Introduction and Overview of GST
Introduction
Goods and services tax (GST) has been identified as one of the most important tax reforms post independence. GST is a path breaking indirect tax reform which will create a common national market by removing inter-state trade barriers.GST has subsumed (absorbed or include) multiple indirect taxes imposed by central and state.

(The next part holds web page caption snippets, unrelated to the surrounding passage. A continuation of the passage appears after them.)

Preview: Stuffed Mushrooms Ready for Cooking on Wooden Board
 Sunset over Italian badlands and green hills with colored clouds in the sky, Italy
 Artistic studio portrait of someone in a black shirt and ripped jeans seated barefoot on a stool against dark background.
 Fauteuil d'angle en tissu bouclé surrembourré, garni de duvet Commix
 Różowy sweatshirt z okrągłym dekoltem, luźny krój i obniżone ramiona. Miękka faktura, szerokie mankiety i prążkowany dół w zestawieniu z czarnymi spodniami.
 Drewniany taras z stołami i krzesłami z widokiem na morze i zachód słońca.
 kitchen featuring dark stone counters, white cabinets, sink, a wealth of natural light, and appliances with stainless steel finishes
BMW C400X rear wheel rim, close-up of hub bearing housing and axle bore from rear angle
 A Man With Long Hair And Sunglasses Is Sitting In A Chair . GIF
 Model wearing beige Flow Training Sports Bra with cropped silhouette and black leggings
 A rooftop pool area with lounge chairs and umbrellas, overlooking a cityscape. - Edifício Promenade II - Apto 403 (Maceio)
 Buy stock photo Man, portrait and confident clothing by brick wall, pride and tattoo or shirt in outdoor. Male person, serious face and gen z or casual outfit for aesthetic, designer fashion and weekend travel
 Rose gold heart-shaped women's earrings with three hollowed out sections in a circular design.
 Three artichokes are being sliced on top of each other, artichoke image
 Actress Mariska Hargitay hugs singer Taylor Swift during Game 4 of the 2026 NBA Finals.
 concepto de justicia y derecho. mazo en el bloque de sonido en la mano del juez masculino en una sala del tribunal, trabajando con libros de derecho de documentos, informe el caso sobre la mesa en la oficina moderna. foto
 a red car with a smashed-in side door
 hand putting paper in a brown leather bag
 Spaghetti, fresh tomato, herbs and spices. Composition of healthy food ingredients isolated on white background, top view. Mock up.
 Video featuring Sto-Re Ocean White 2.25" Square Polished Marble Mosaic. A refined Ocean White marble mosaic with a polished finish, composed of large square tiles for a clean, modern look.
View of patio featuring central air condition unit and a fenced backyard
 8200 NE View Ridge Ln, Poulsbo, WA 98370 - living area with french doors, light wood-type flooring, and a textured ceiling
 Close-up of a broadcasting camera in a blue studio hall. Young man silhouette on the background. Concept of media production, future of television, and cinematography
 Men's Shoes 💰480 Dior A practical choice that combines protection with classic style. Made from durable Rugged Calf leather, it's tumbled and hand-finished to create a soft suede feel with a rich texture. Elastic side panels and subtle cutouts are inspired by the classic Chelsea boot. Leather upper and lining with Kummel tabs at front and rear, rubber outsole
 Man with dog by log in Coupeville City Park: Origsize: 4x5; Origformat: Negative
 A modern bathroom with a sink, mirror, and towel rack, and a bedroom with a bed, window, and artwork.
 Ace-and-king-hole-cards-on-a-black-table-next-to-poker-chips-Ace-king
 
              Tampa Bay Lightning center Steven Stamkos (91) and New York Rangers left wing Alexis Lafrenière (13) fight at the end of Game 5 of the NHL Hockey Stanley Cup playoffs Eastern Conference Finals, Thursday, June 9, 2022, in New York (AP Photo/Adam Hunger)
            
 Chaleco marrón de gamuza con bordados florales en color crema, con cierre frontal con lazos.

GST subsumed the following
Central taxes
|
State taxes
|
Central excise duty
Additional excise duty
Service tax
Surcharge and cess
Central sales tax
|
Sate VAT
Entertainment tax
Entry tax
Luxury Tax
Purchase Tax
|
GST was first introduced in France in the year 1954. Within 62 years of its introduction about 160 countries across the world have adopted GST. Generally GST is popular for single model but Canada and Brazil also have dual model of GST. India has adopted a dual GST which will be imposed concurrently by centre and states.
GENESIS OF GST IN INDIA
2004
|
The idea of GST was emerged in India from the recommendation of Kelkar Task Force.
|
2007
|
Union Finance Minister, Shri P. Chidambaram, while presenting the central Budget (2007-08) announced the GST would be introduced in India.
|
2014
|
NDA government tabled the Constitution (122nd Amendment) Bill
|
2016
|
It got assent of the president on 8th September, 2016 and became Constitution (101st amendment) Act, 2016, which paved the way for the introduction of GST in India.
|
2017 (March)
|
Central Goods and Services Tax Bill, 2017, Integrated Goods and Services Tax Bill, 2017, Union Territory Goods and Services Tax Bill, 2017 and Goods and Services Tax (Compensation to States) Bill, 2017 were introduced and passed these bills in Lok Sabha and receipt of President Assent on 12th April, 2007 became enacted. Subsequently State GST laws have been enacted by respective state Government.
|
2017 (July)
|
w.e.f 1st July 2017 GST has implemented across India
|
Constitution (101st amendment) Act, 2016 was enacted on 8.09.2016 for the following significant amendments.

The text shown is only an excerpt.